== YOUR ASSIGNMENT ==
You are asked to repeat the listing word for word and to leave out its pictures.

== THE DATA ==
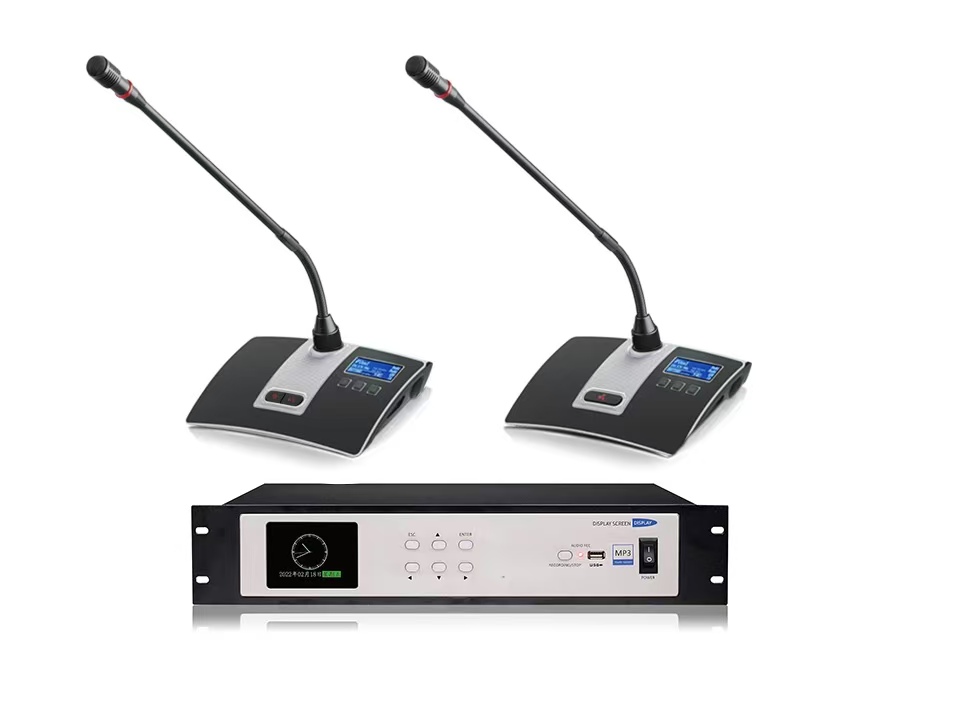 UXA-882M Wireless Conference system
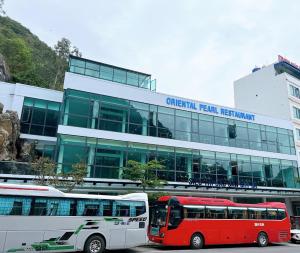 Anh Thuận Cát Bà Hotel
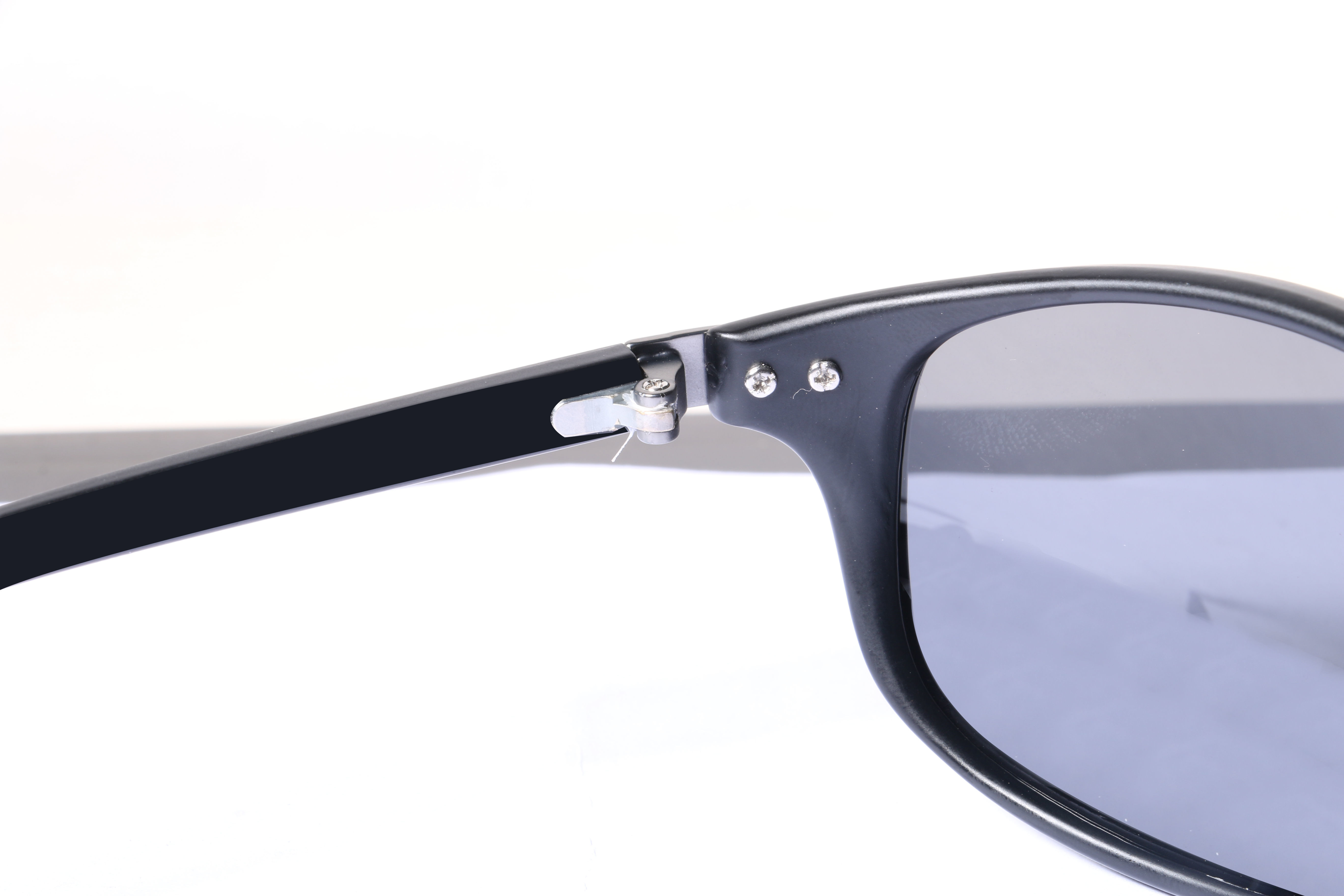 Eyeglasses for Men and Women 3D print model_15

== TASK RESPONSE ==
 UXA-882M Wireless Conference system
 Anh Thuận Cát Bà Hotel
 Eyeglasses for Men and Women 3D print model_15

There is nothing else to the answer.